EXERCISE GOAL => Where a picture occurs in the data, omit it, and copy all remaining data exactly.
*-*-*
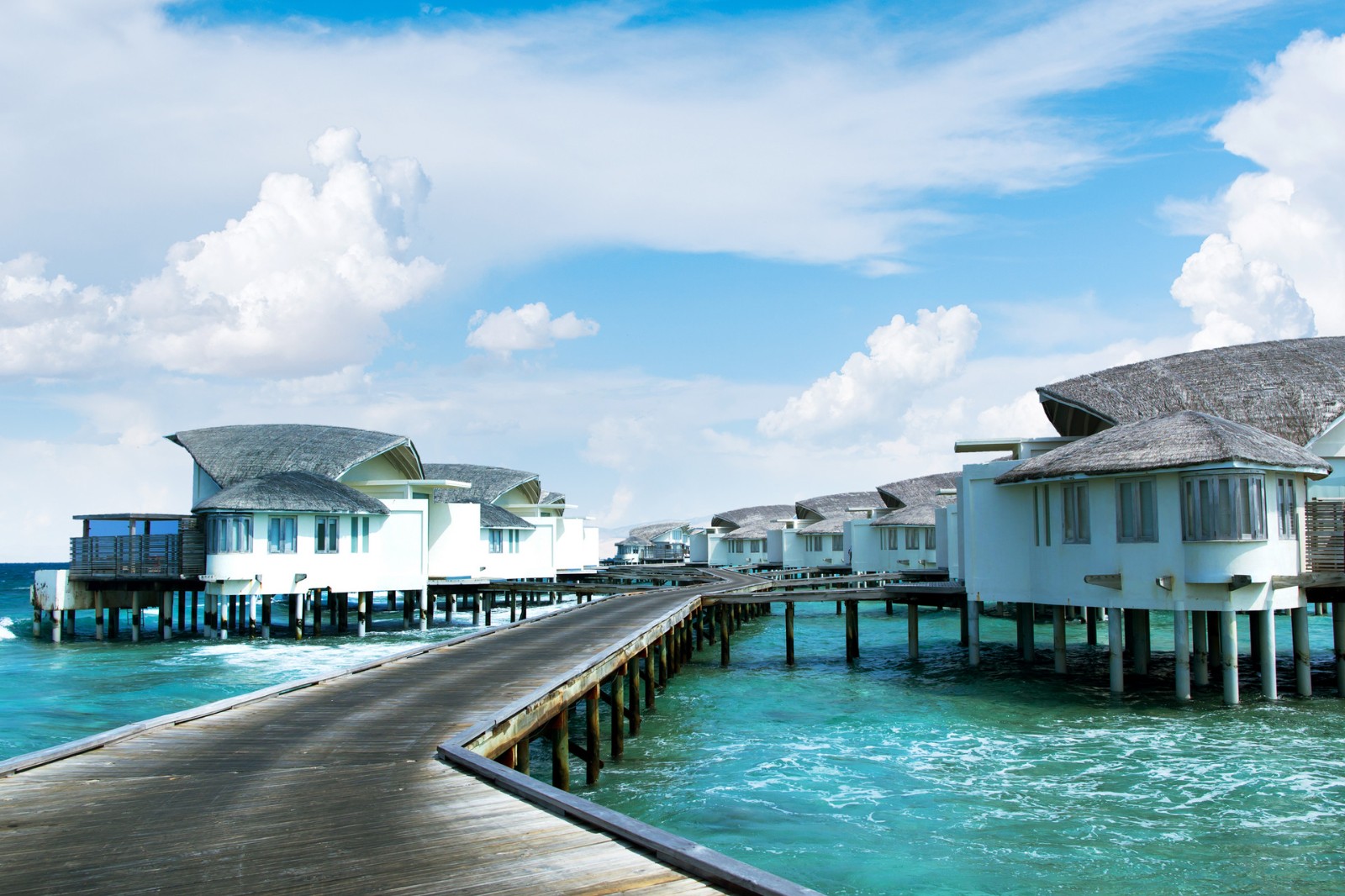 马尔代夫旅游业逐步复苏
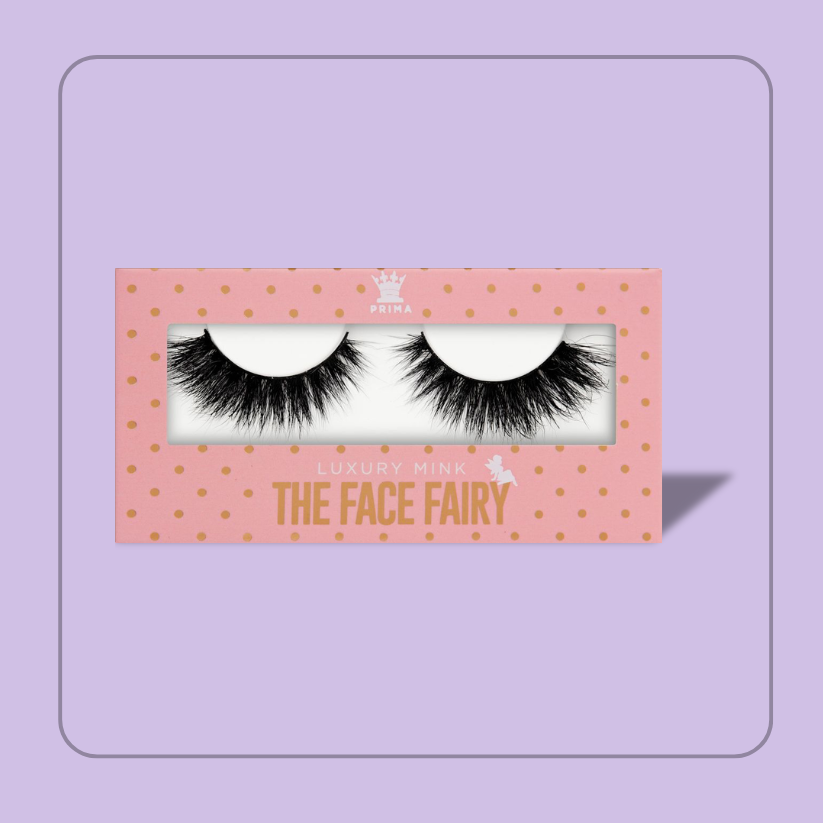 FACE FAIRY X PRIMA Mink Lashes #Fairy Godmother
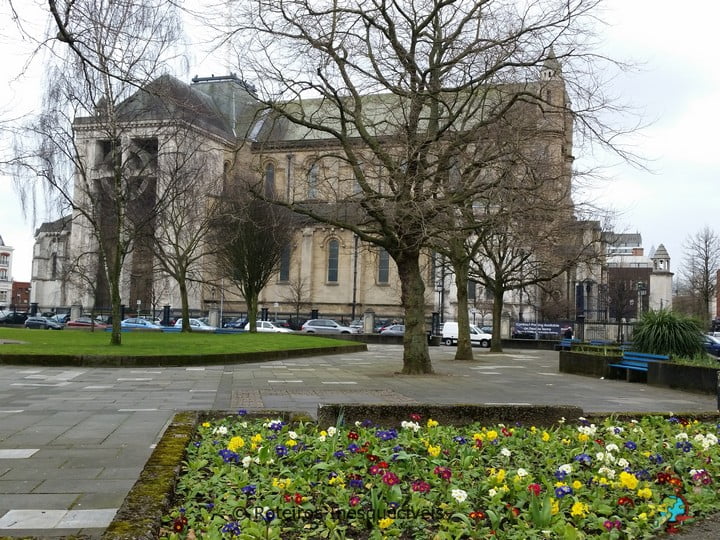 St Anne - Belfast - Irlanda do Norte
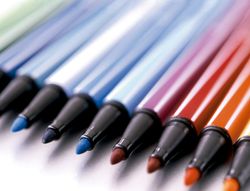 Rotulador Stabilo Pen 68 estuche plástico (20 unidades)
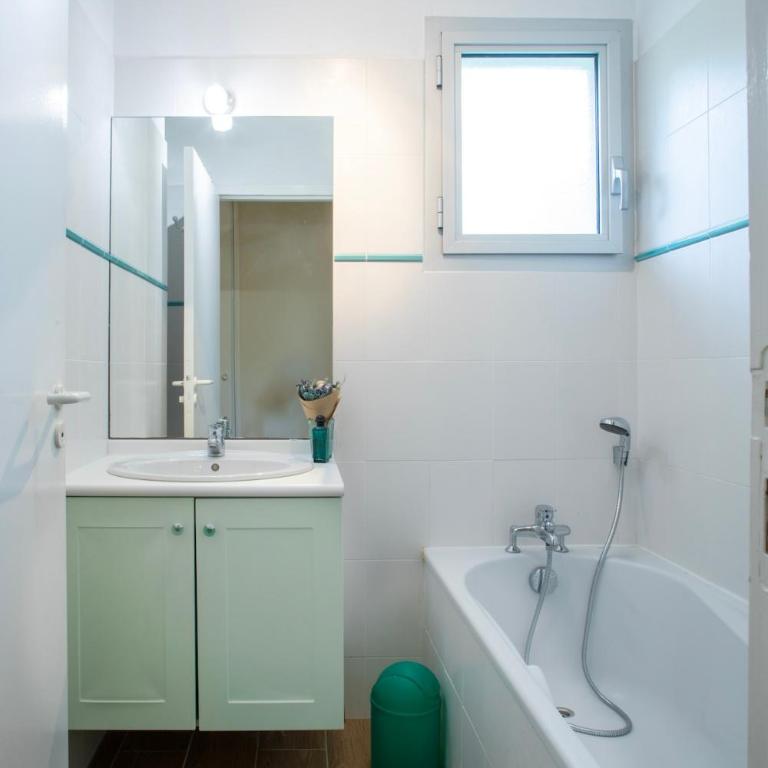 Demeure d'exception sur le Golf De Biscarrosse avec piscine chauffée - Maison 4 Chambres - 20
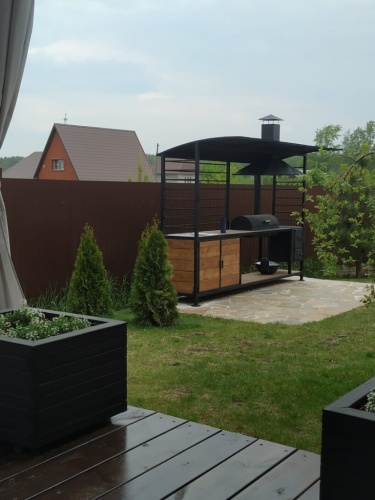 Серицит для мощения на бетонное основание купить в Полевском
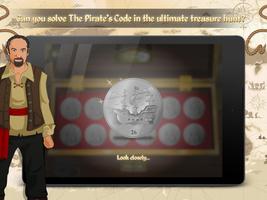 Pirate's Code, Story Book Game capture d'écran 3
*-*-*
SOLUTION TO THE EXERCISE =>
 马尔代夫旅游业逐步复苏
 FACE FAIRY X PRIMA Mink Lashes #Fairy Godmother
 St Anne - Belfast - Irlanda do Norte
 Rotulador Stabilo Pen 68 estuche plástico (20 unidades)
 Demeure d'exception sur le Golf De Biscarrosse avec piscine chauffée - Maison 4 Chambres - 20
 Серицит для мощения на бетонное основание купить в Полевском
 Pirate's Code, Story Book Game capture d'écran 3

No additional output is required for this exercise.